─── RECORDED INFORMATION

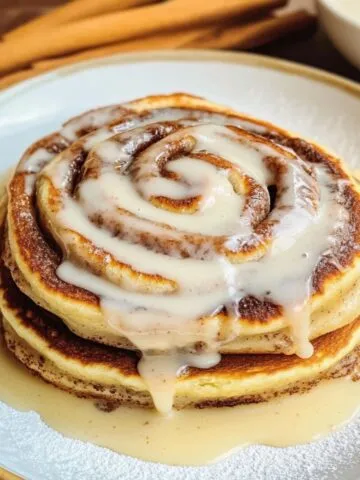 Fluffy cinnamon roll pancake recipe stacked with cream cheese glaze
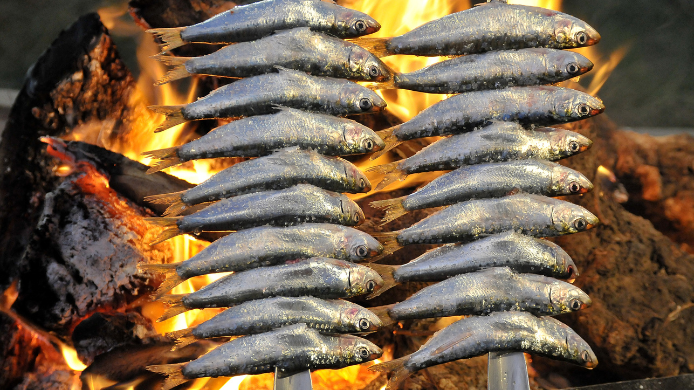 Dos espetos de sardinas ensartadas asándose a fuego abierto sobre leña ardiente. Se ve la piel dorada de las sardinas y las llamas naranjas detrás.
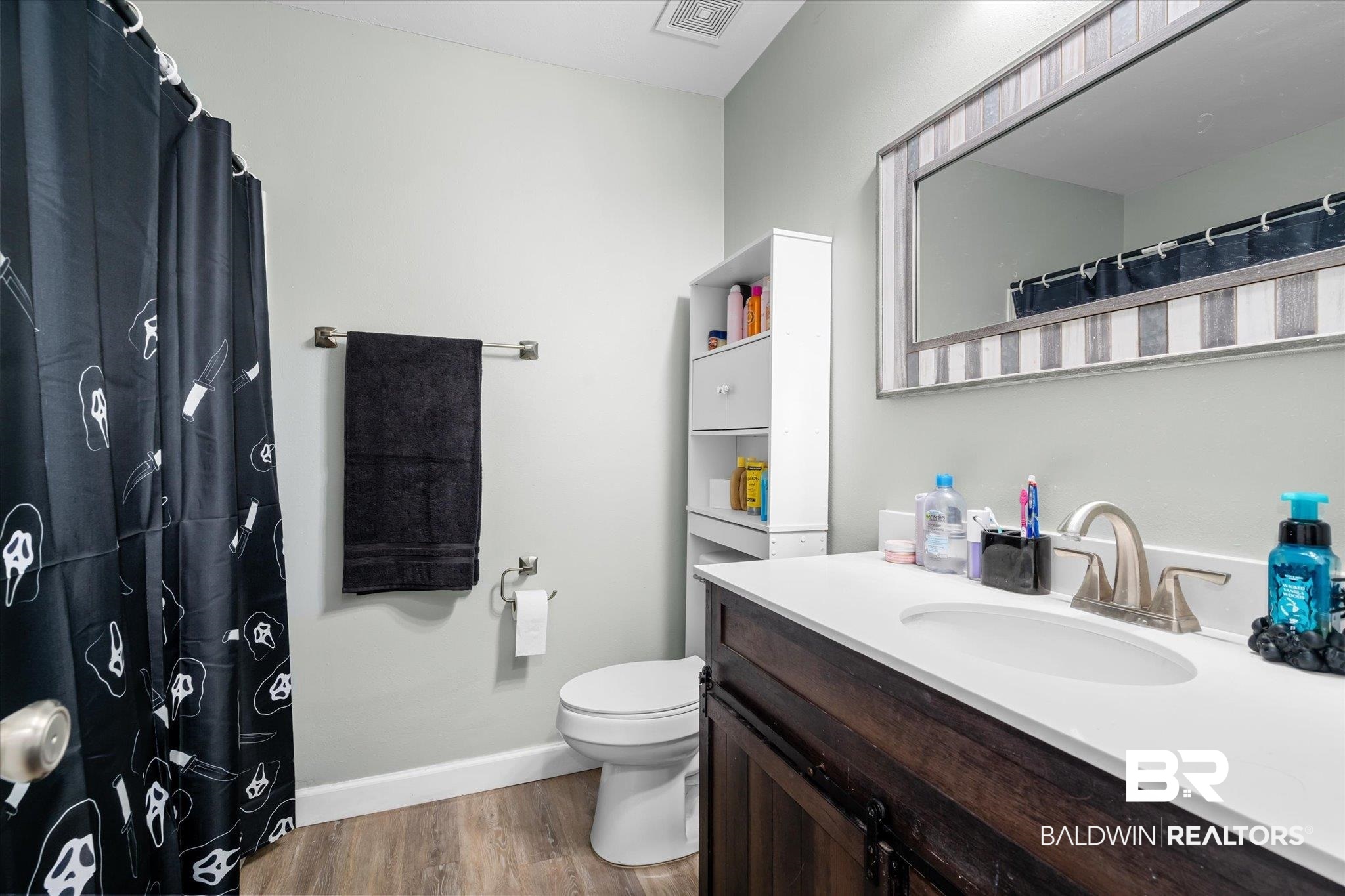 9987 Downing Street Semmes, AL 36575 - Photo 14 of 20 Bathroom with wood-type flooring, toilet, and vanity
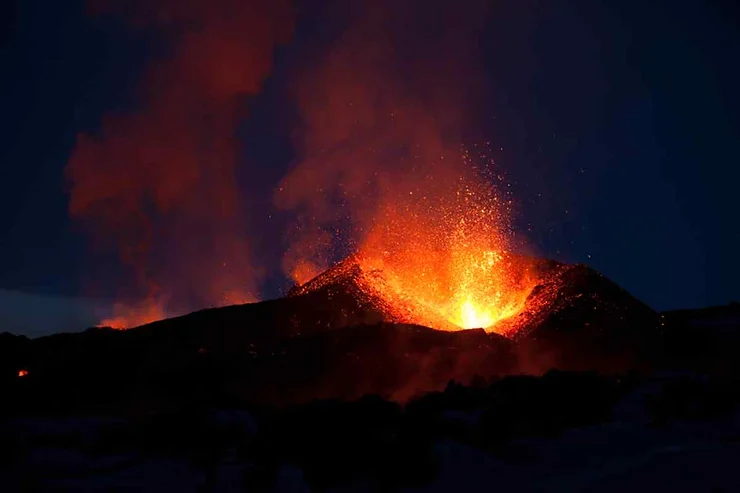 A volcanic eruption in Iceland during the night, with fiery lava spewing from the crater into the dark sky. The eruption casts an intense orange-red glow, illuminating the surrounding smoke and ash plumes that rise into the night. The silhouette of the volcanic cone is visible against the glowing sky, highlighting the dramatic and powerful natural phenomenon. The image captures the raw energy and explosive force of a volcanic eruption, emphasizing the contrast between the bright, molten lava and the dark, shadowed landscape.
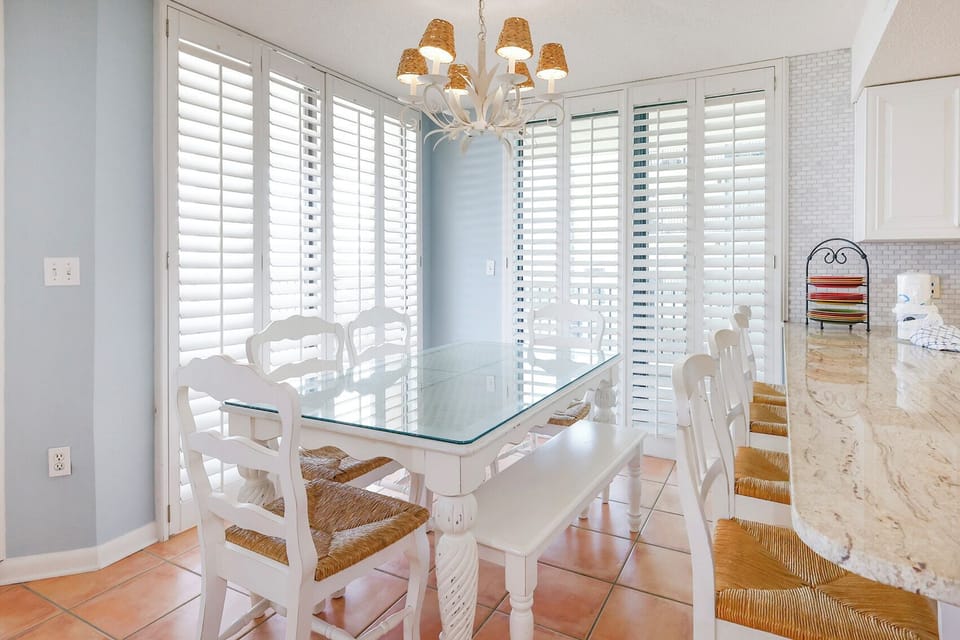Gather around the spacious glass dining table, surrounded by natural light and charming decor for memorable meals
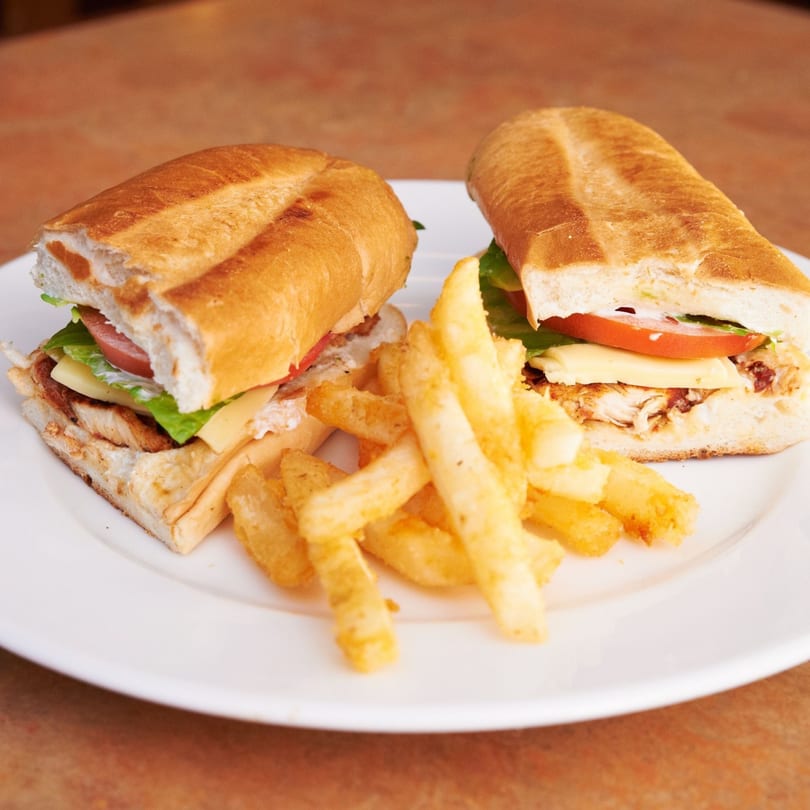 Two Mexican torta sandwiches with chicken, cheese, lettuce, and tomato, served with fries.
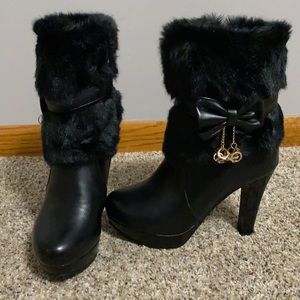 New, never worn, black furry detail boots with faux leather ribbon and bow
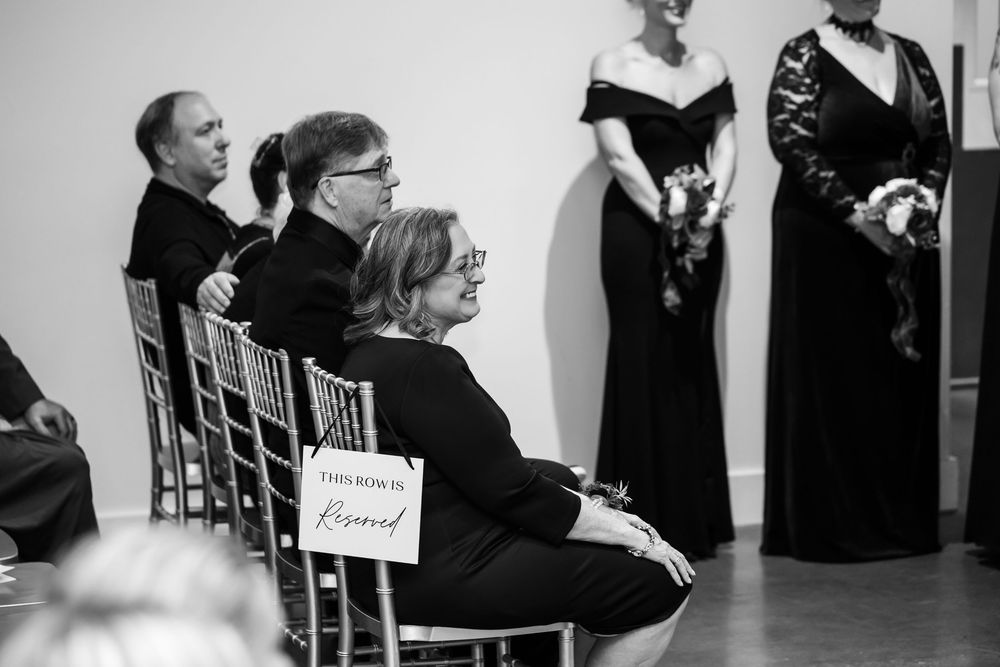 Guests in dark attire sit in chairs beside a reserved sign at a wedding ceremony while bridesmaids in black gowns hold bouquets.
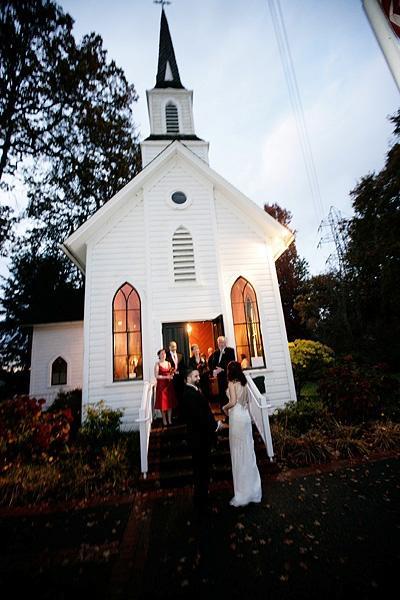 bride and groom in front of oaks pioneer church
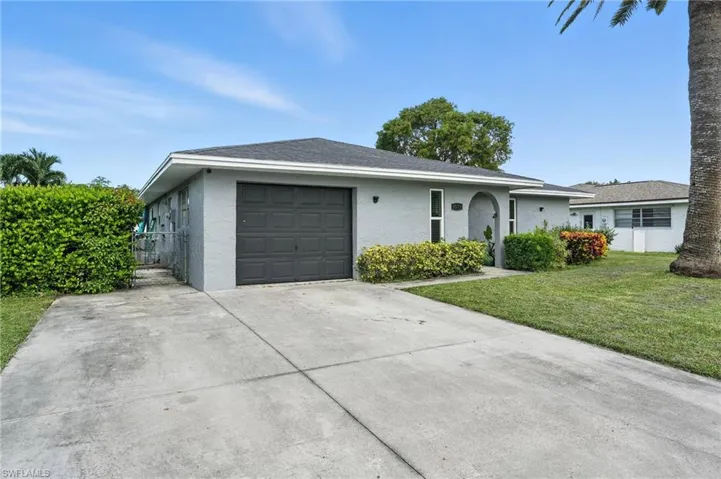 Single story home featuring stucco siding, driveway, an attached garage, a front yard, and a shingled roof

──────

EXERCISE GOAL: Please retype exactly the lines from the line containing "Gather around the" through the final line of the records above, inclusive, leaving out any pictures.

RESPONSE FOR THIS EXERCISE:
Gather around the spacious glass dining table, surrounded by natural light and charming decor for memorable meals
 Two Mexican torta sandwiches with chicken, cheese, lettuce, and tomato, served with fries.
 New, never worn, black furry detail boots with faux leather ribbon and bow
 Guests in dark attire sit in chairs beside a reserved sign at a wedding ceremony while bridesmaids in black gowns hold bouquets.
 bride and groom in front of oaks pioneer church
 Single story home featuring stucco siding, driveway, an attached garage, a front yard, and a shingled roof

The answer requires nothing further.